Department of Biomedical Informatics, Arizona State University, Phoenix, AZ 85004-2157, USA.
J Biomed Inform. 2010 Jun;43(3):428-34. doi: 10.1016/j.jbi.2009.11.003. Epub 2009 Nov 28.
High throughput parallel genomic sequencing (Next Generation Sequencing, NGS) shifts the bottleneck in sequencing processes from experimental data production to computationally intensive informatics-based data analysis. This manuscript introduces a biomedical informatics pipeline (BING) for the analysis of NGS data that offers several novel computational approaches to 1. image alignment, 2. signal correlation, compensation, separation, and pixel-based cluster registration, 3. signal measurement and base calling, 4. quality control and accuracy measurement. These approaches address many of the informatics challenges, including image processing, computational performance, and accuracy. These new algorithms are benchmarked against the Illumina Genome Analysis Pipeline. BING is the one of the first software tools to perform pixel-based analysis of NGS data. When compared to the Illumina informatics tool, BING's pixel-based approach produces a significant increase in the number of sequence reads, while reducing the computational time per experiment and error rate (<2%). This approach has the potential of increasing the density and throughput of NGS technologies.

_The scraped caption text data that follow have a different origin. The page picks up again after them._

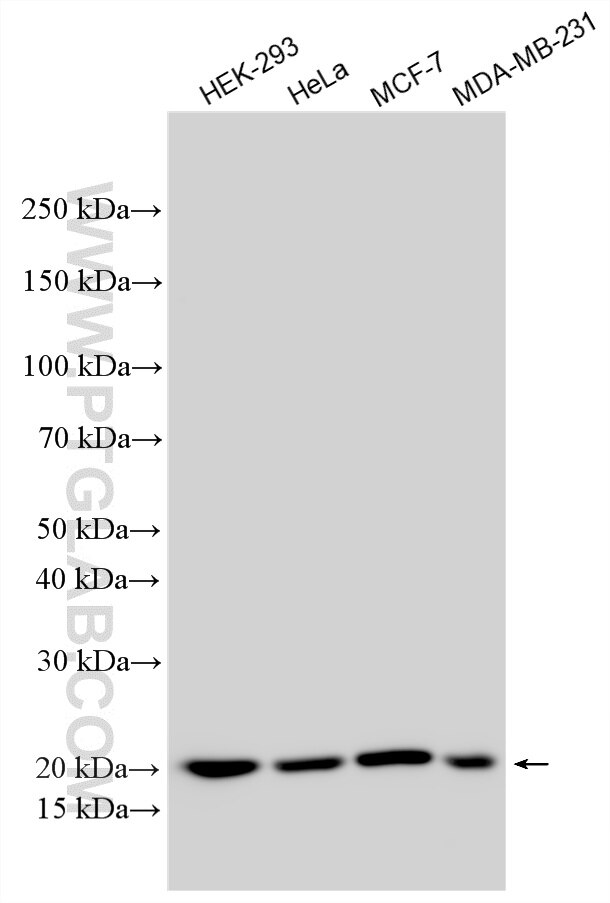 WB analysis using 16595-1-AP (same clone as 16595-1-PBS) Western Blot (WB) analysis of various lysates using ZNHIT1 Polyclonal antibody (16595-1-AP)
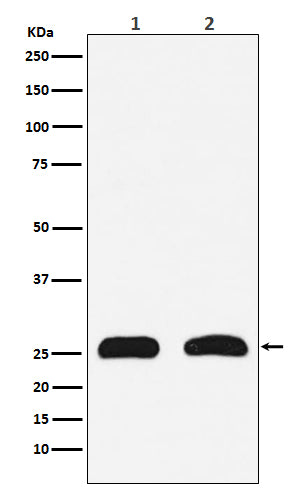 Anti-HMGB2 Rabbit Monoclonal Antibody Boster Bio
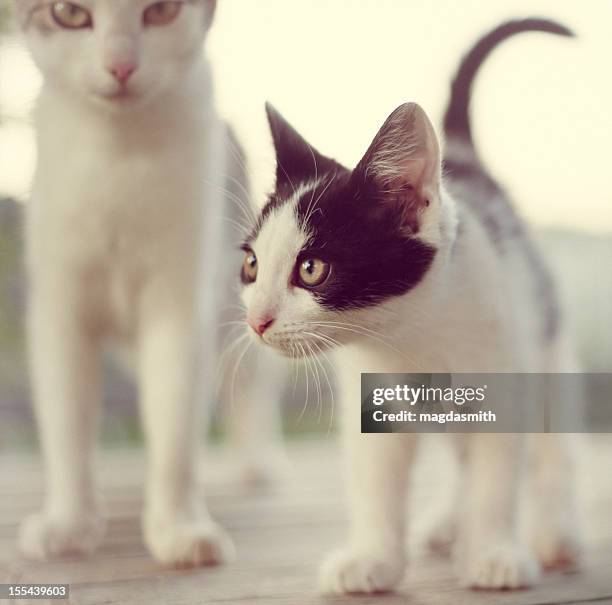 dos gatos al aire libre - magdasmith fotografías e imágenes de stock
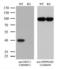 DNA excision repair protein ERCC-1 antibody, LS-C796672, Lifespan Biosciences, Western Blot image 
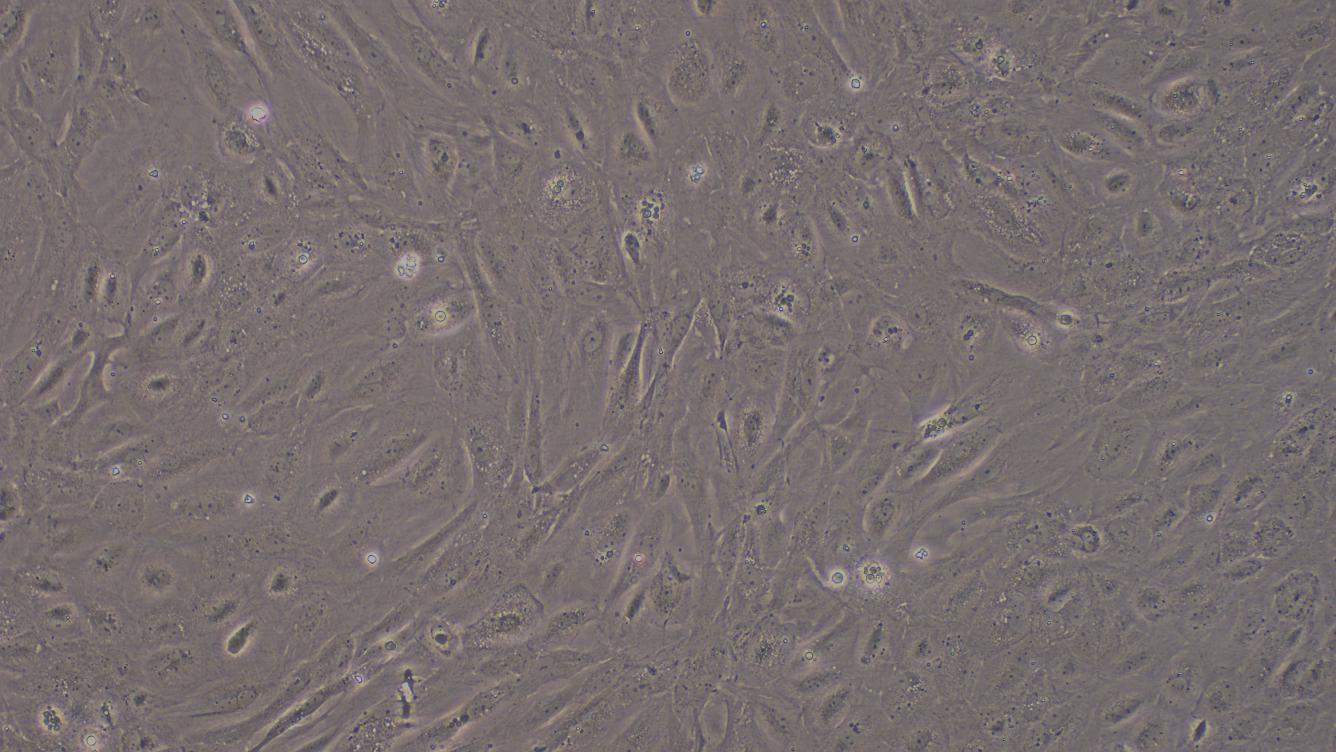 Primary Rat Spermatogonium Cells (SPC)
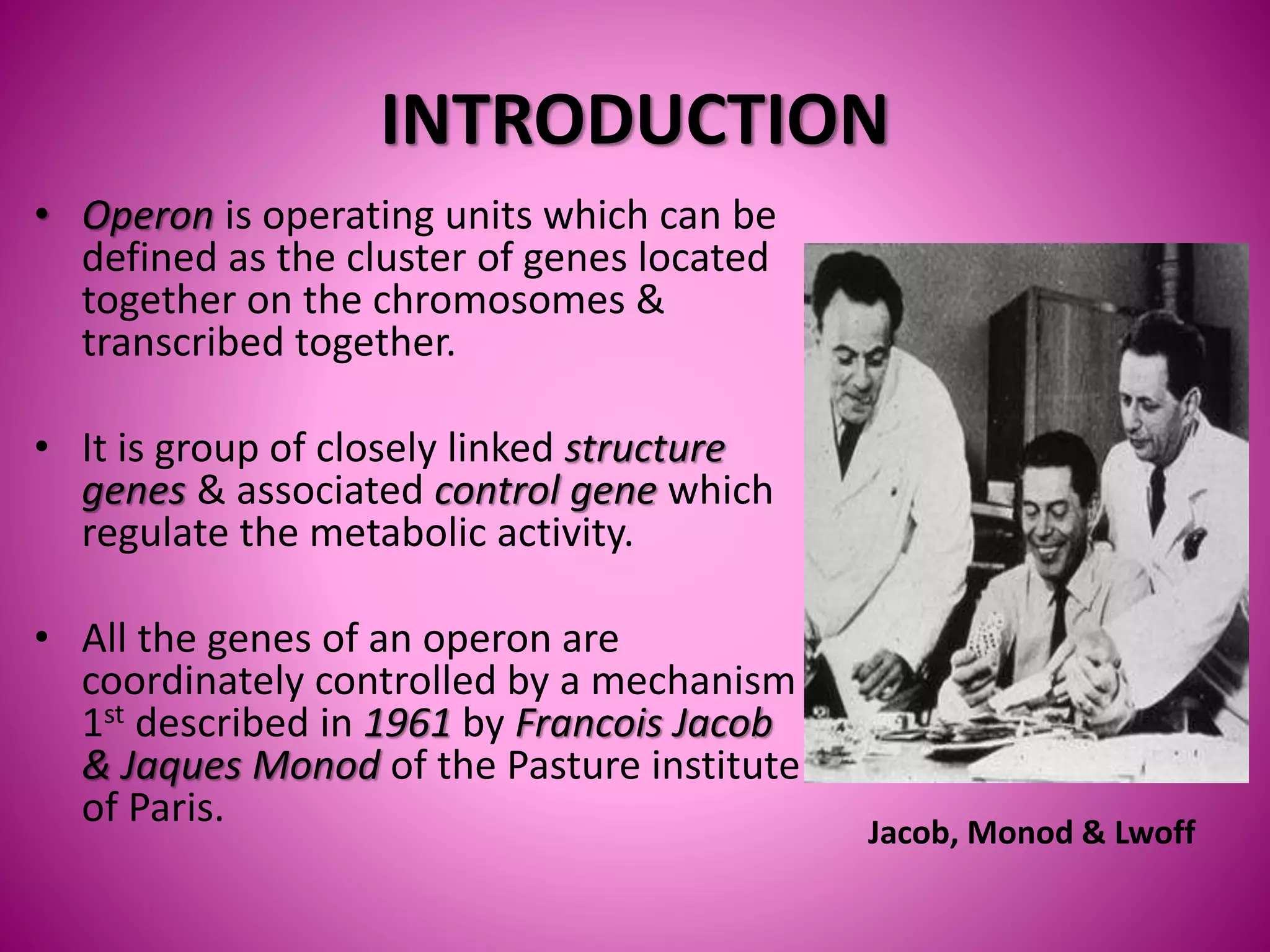 INTRODUCTION
• Operon is operating units which can be
defined as the cluster of genes located
together on the chromosomes &
transcribed together.
• It is group of closely linked structure
genes & associated control gene which
regulate the metabolic activity.
• All the genes of an operon are
coordinately controlled by a mechanism
1st described in 1961 by Francois Jacob
& Jaques Monod of the Pasture institute
of Paris.
Jacob, Monod & Lwoff
 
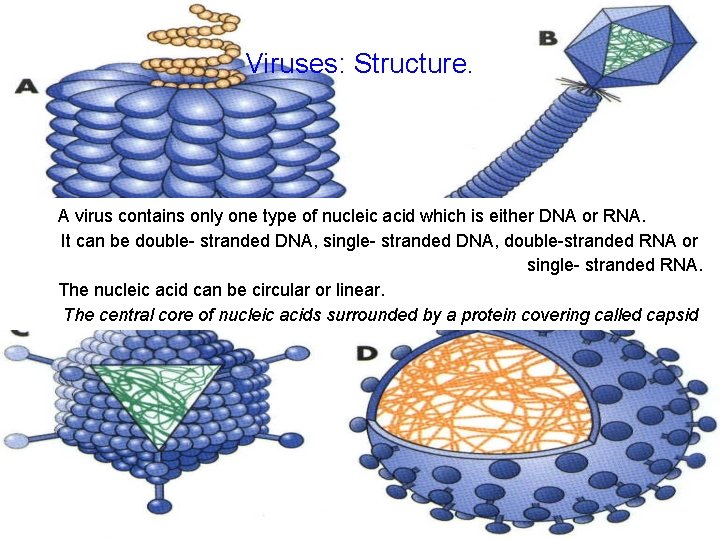 Viruses: Structure. A virus contains only one type of nucleic acid which is either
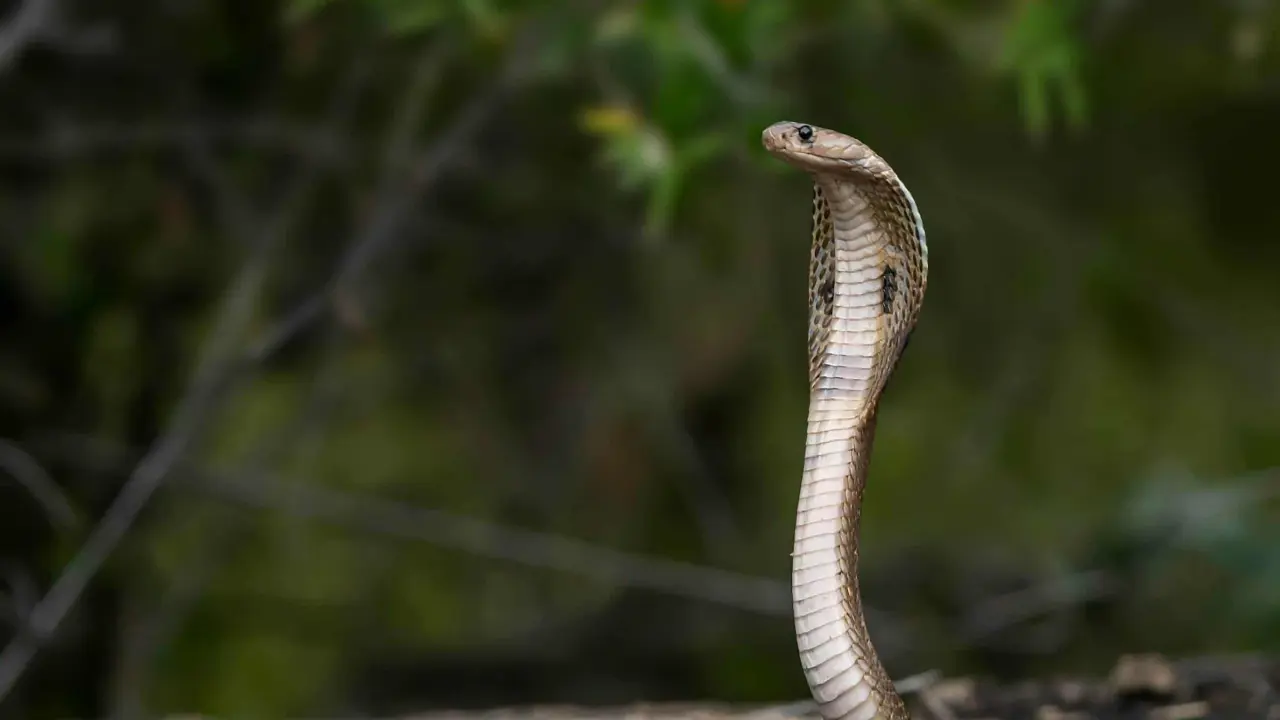 Este anticuerpo puede neutralizar las neurotoxinas del veneno de cobras y mambas negras. Foto: Nivedh P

高通量平行基因组测序(下一代测序,NGS)将测序过程中的瓶颈从实验数据生产转移到计算密集型基于信息学的数据分析。本文介绍了一种用于 NGS 数据分析的生物医学信息学管道(BING),它提供了几种新的计算方法,用于 1. 图像对齐,2. 信号相关、补偿、分离和基于像素的聚类注册,3. 信号测量和碱基调用,4. 质量控制和准确性测量。这些方法解决了许多信息学挑战,包括图像处理、计算性能和准确性。这些新算法与 Illumina 基因组分析管道进行了基准测试。BING 是第一个执行 NGS 数据基于像素分析的软件工具之一。与 Illumina 信息学工具相比,BING 的基于像素的方法可显著增加序列读取的数量,同时减少每个实验的计算时间和错误率(<2%)。这种方法有可能增加 NGS 技术的密度和吞吐量。